E, no entanto, esta poesia é excessiva. Não podendo acomodar-se em hipotéticas universalidades comunicativas, é obrigada pela sua própria «miséria» a fermentar, revolver, ferir continuamente as hierarquias e articulações do discurso. Talvez deva a inocência à sua prática do excesso, entendendo por «excesso» o que é também perda, desgaste e sobretudo não possuir e não querer possuir. É um dar-se, um não ser avaro de si mesmo, um não «tesaurizar» as palavras.
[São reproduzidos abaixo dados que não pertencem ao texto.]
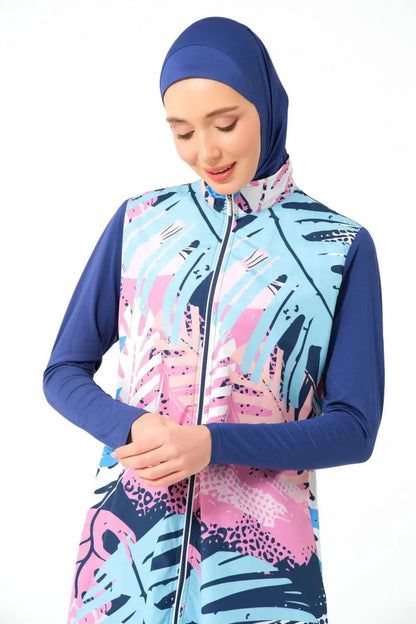 Indigo Nature Patterned Full Coverage Women's Hijab Swimsuit with Piping Trim 23433 - 25 - ihvan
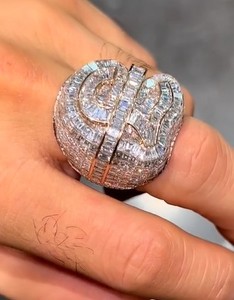 High Quality Luxury Baguette Dollar Sign 925 <b>Silver</b> Hip Hop <b>Men</b> Custom Moissanite Diamond <b>Ring</b> - Product Image 2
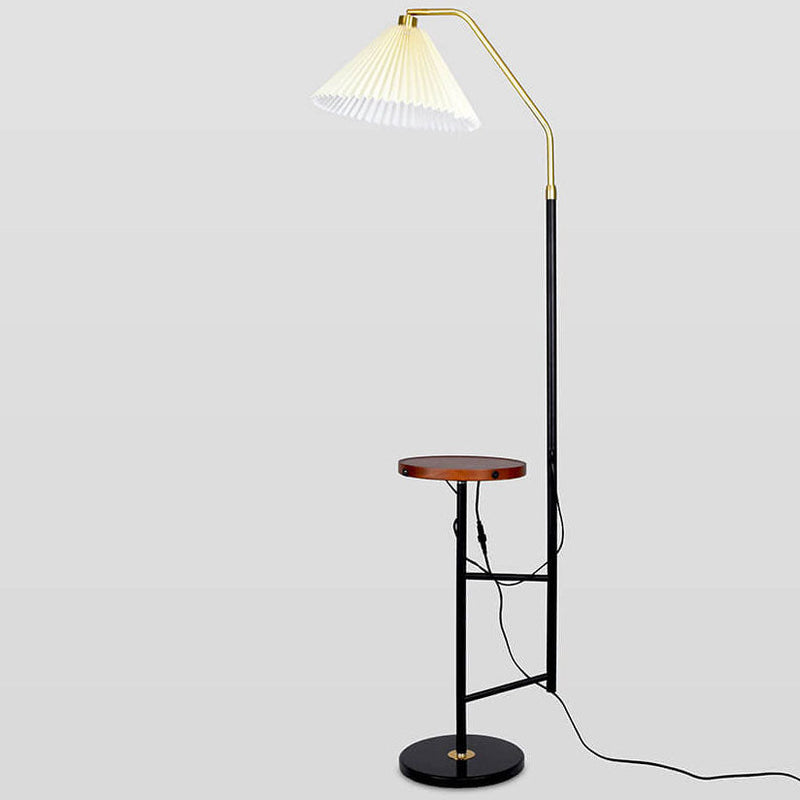 Nordic Minimalist Pleated Shade Marble Solid Wooden Shelf 1-Light Standing Floor Lamp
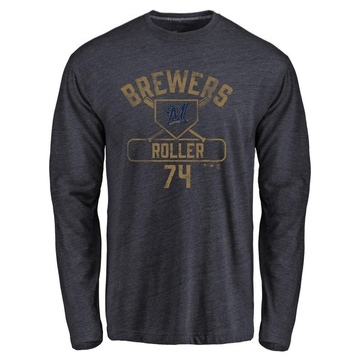 Men's Milwaukee Brewers Chris Roller ＃74 Base Runner Long Sleeve T-Shirt - Navy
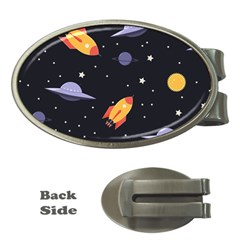 Cosmos Rockets Spaceships Ufos Money Clips (oval)  by Cowasu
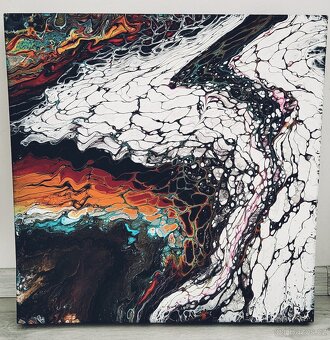 ABSTRAKTNÍ AKRYLOVÝ RUČNĚ MALOVANÝ OBRAZ,50×50×6,5 cm - 2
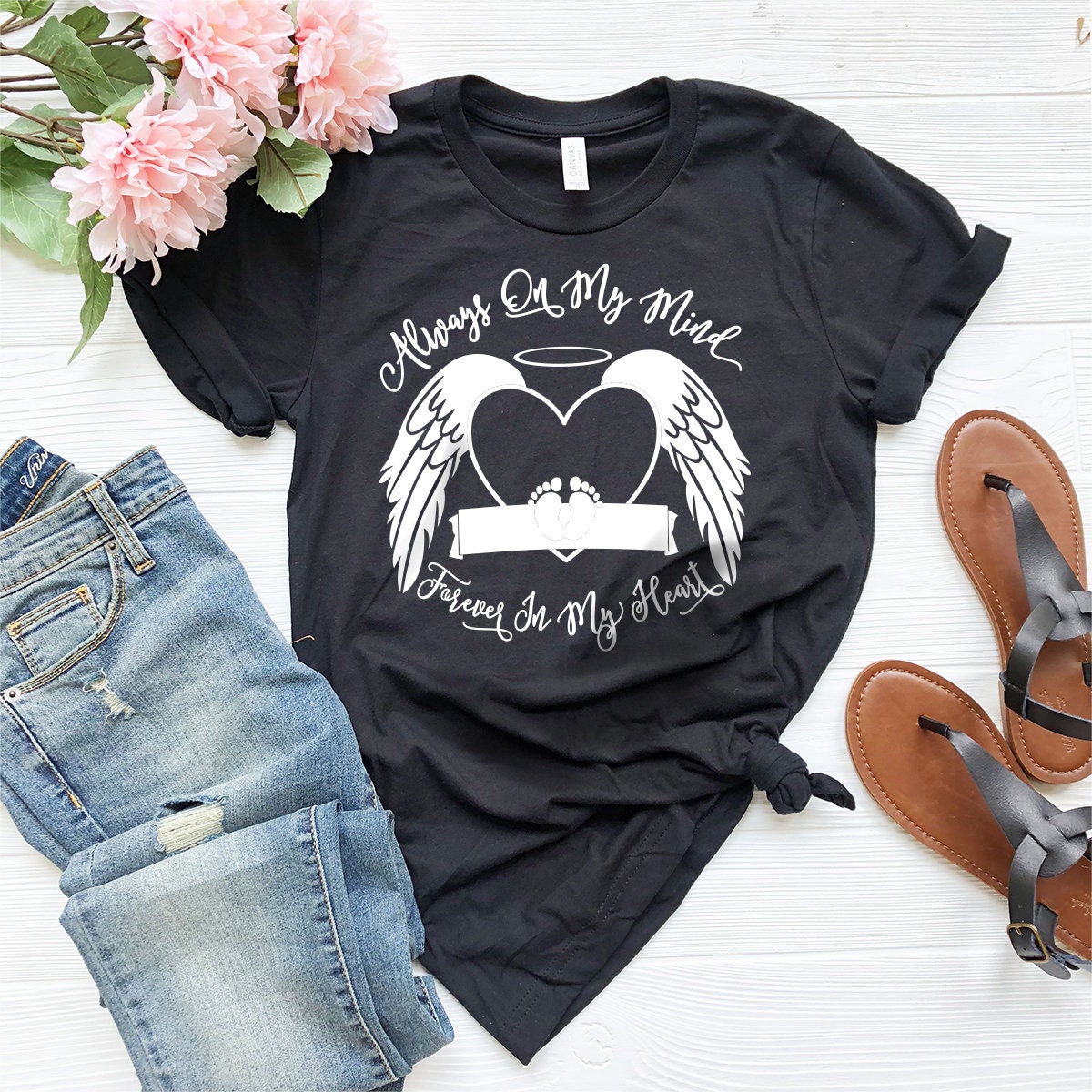 Personalized Memorial T-Shirt, Bereavement Shirt, Rest In Peace Shirt, Remembrance T Shirt, Always On My Mind Forever In My Heart Shirt - Fastdeliverytees.com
A linguagem desta poesia, porém, pode tornar-se o mais perigoso dos bens: quando o «excesso» encontra a «medida» e consegue finalmente dizer o negativo da sua época, evocando-lhe toda a insuportável «miséria», pondo o homem em luta com ela e consigo mesmo. «Nós estamos em luta com a linguagem» dirá Wittgenstein; esta linguagem já não é a nossa casa. O deus abandonou-a, ausentou-se, e os novos deuses ainda não existem. Esta ausência produz o excesso. Mas quando a escrita deste excesso alcança uma lei, uma ordem, a medida – a poesia reflecte com medida sobre si própria, conhece o sentido da perda e transforma-se em poesia da época.

A poesia da época é a poesia da perda, a Dichtung que torna «sagrada» a Noite que atravessamos, a palavra que nomeia os deuses e o ser, que evoca a presença dos deuses na sua original, essencial proximidade das coisas. A poesia é, portanto, teoria – não um «ver» comum, mas o ver que dá nome aos deus entre nós». O sentido da perda é este: a poesia da «miséria» não possui «teoria», não conduz à presença dos deuses, à Aletheia grega, termo que os romanos traduziram por Veritas.

Veritas, contudo, já não é Aletheia: e apenas a interior coerência e «harmonia» das nossas formas de conhecimento, da nossa «pura» razão. Esta Veritas – já abandonada pelos deuses, já incapaz de vê-los - «saqueou», com os seus preceitos morais, deveres, conflitos, estética e razão, a teoria grega. Holderlin é o único dos «modernos» a compreender o clássico como tragédia. A nossa «miséria» é exactamente incapacidade, impossibilidade da tragédia. E a nossa poesia é autêntica não simplesmente por não ser clássica, mas por reconhecer na raiz o sentido desta perda. E nisso que consiste a sua Medida.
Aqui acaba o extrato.